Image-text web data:
▬▬▬

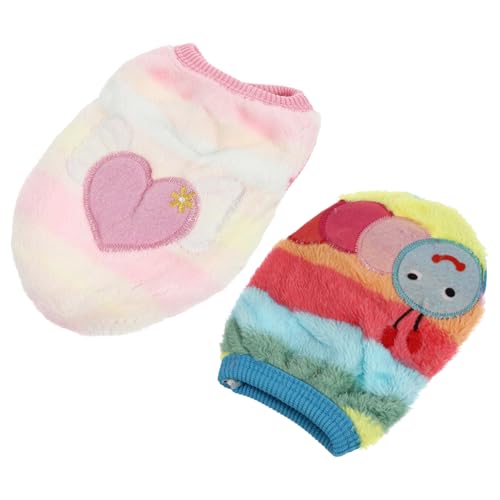 Gatuida 2 Piezas Ropa para Perros Pequeños Disfraz de Conejo Chaleco Cosplay Mascota Cálido y para Chihuahuas y Conejitos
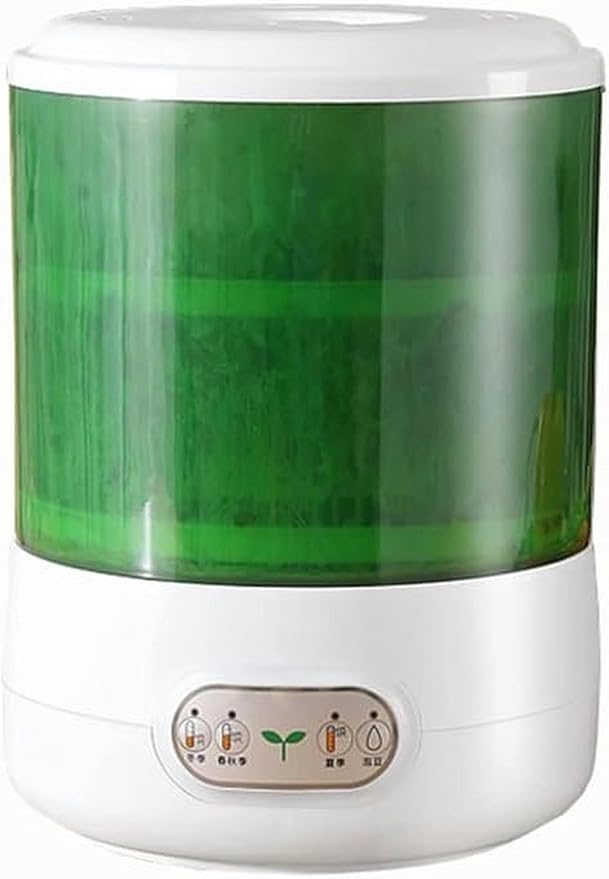 Bean Sprout Machine Automatic Water Circulation PTC Constant Temperature Electric Germination Machine DIY Large Capacity Soilless Cultivation Grain Seed Germination Kit 1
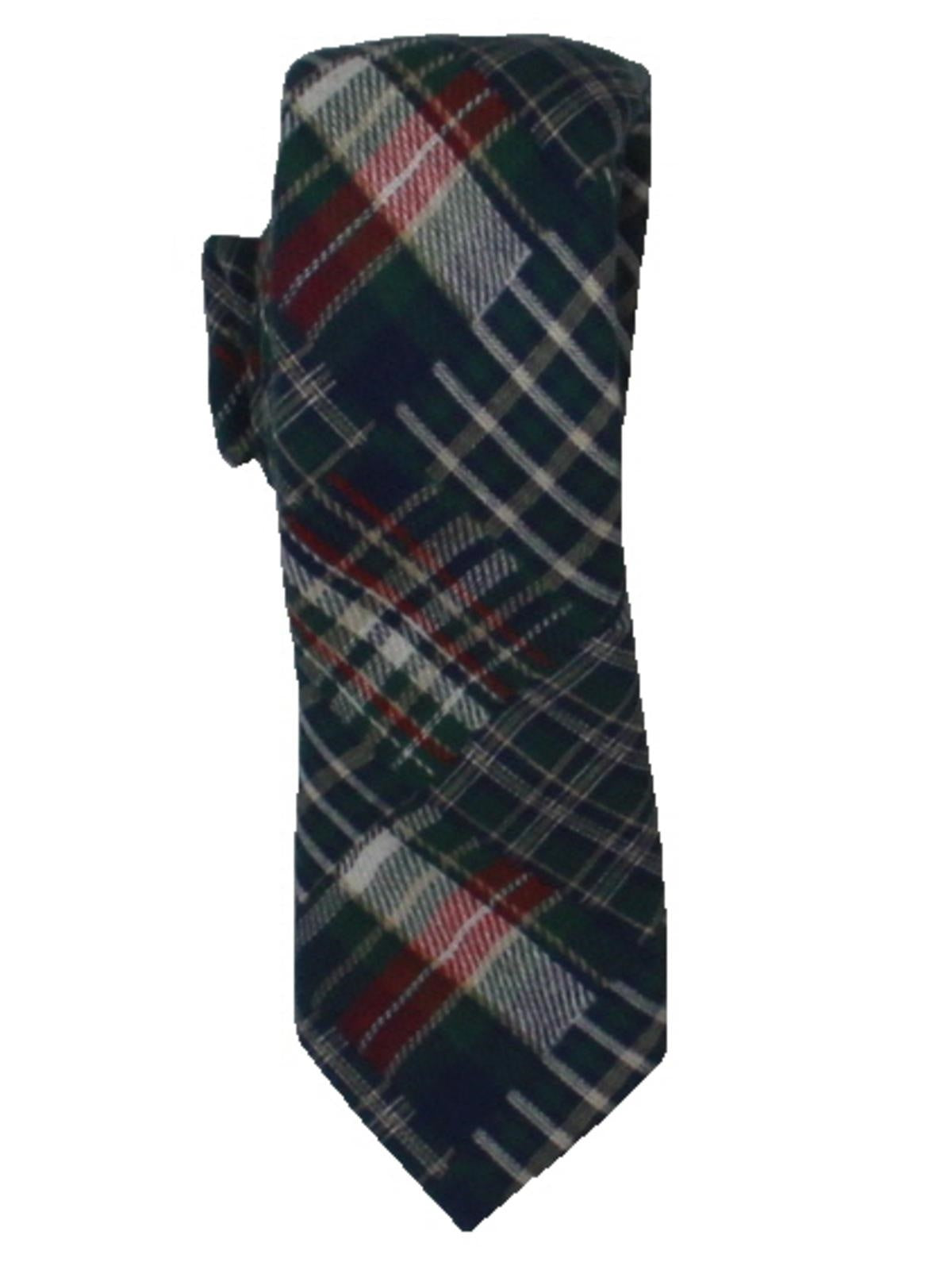 Bar III Men's Chelsea Plaid Professional Neck Tie Navy Size Regular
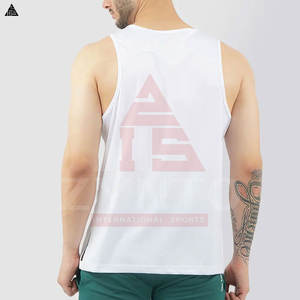 Débardeurs de sport personnalisés OEM pour hommes – Maillots de corps de musculation et fitness tendance pour hommes - Product Image 2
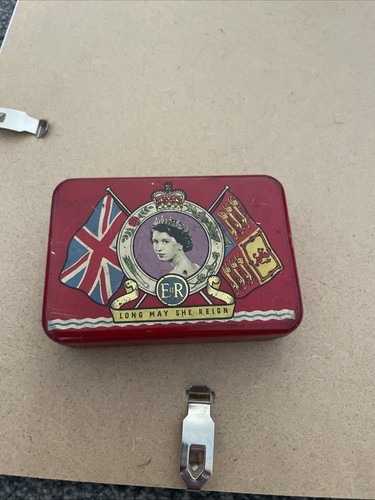 1953 coronation oxo tin - coronation,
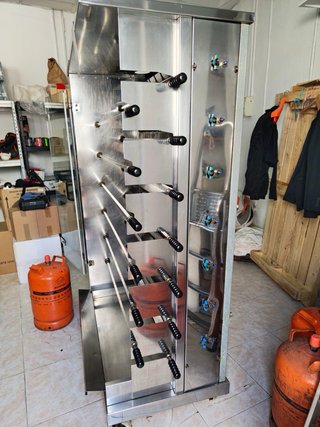 Maquina de Pollos Profesional 65 Pollos/13Barras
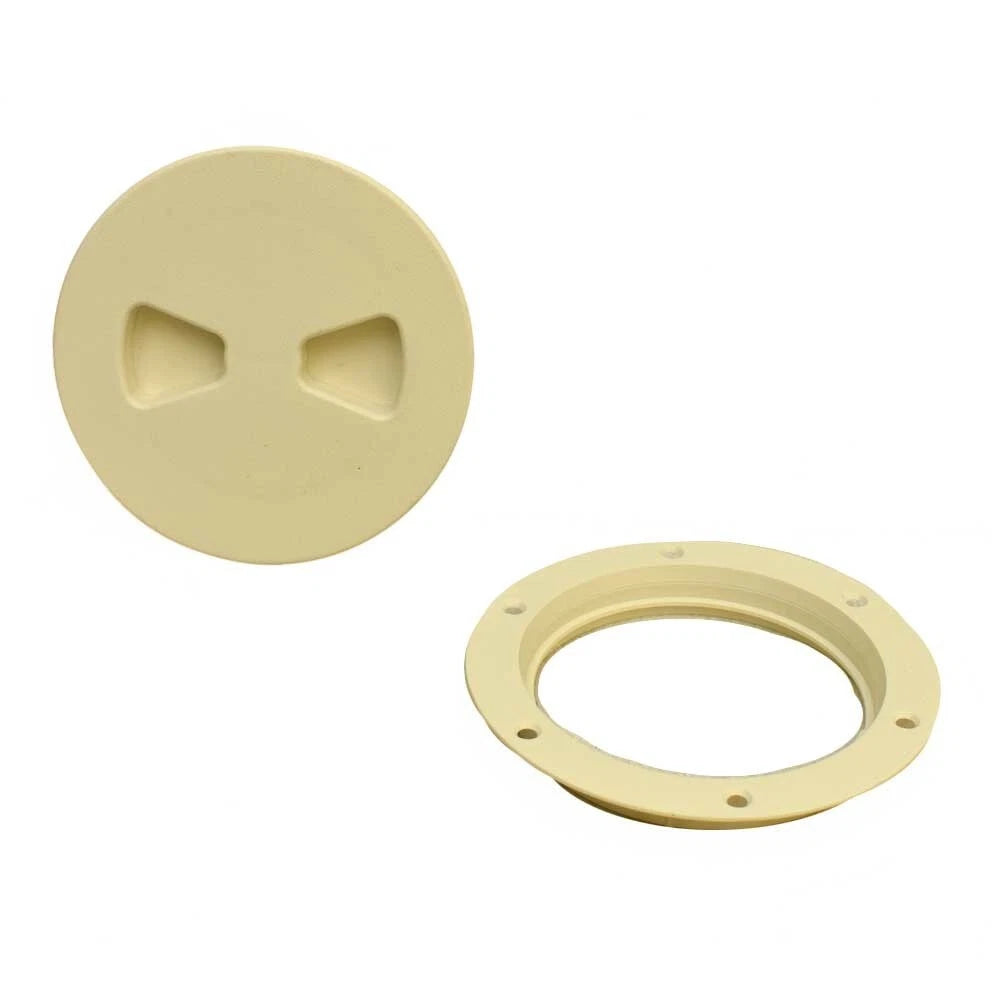 TH Marine Boat Deck Plate 238071 - Low Profile Twist Out 4 Inch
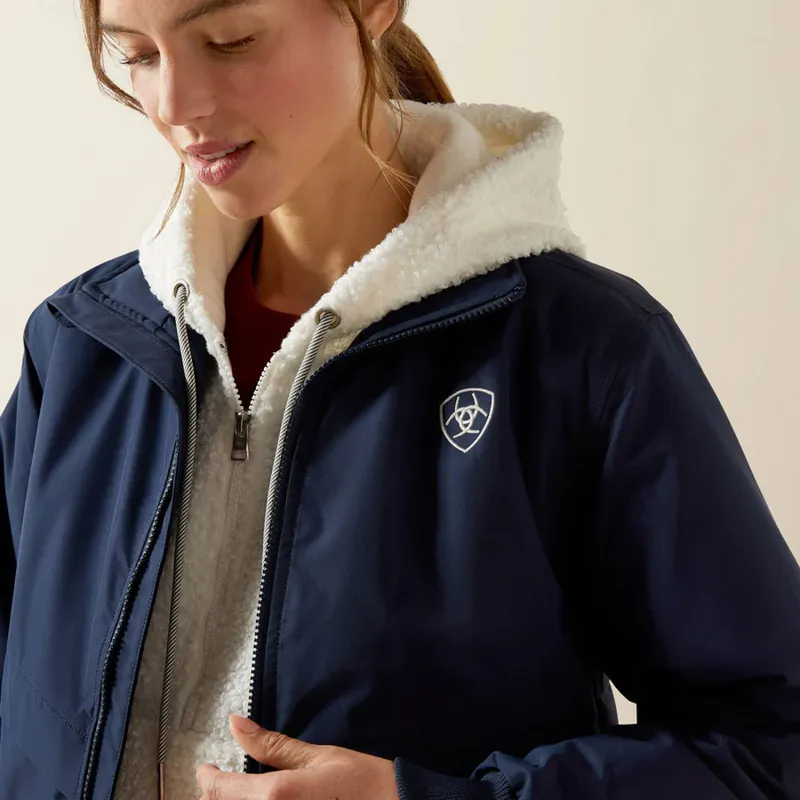 Ariat Womens Stable 2.0 Insulated Jacket - Navy-1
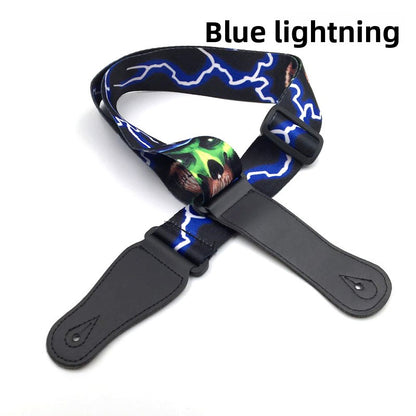 Widened Polyester Guitar Strap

▬▬▬

What is required: Emit an exact copy of the lines from the line bearing "1953 coronation oxo" through the last line above, inclusive, and leave the images out.

Written answer:
 1953 coronation oxo tin - coronation,
 Maquina de Pollos Profesional 65 Pollos/13Barras
 TH Marine Boat Deck Plate 238071 - Low Profile Twist Out 4 Inch
 Ariat Womens Stable 2.0 Insulated Jacket - Navy-1
 Widened Polyester Guitar Strap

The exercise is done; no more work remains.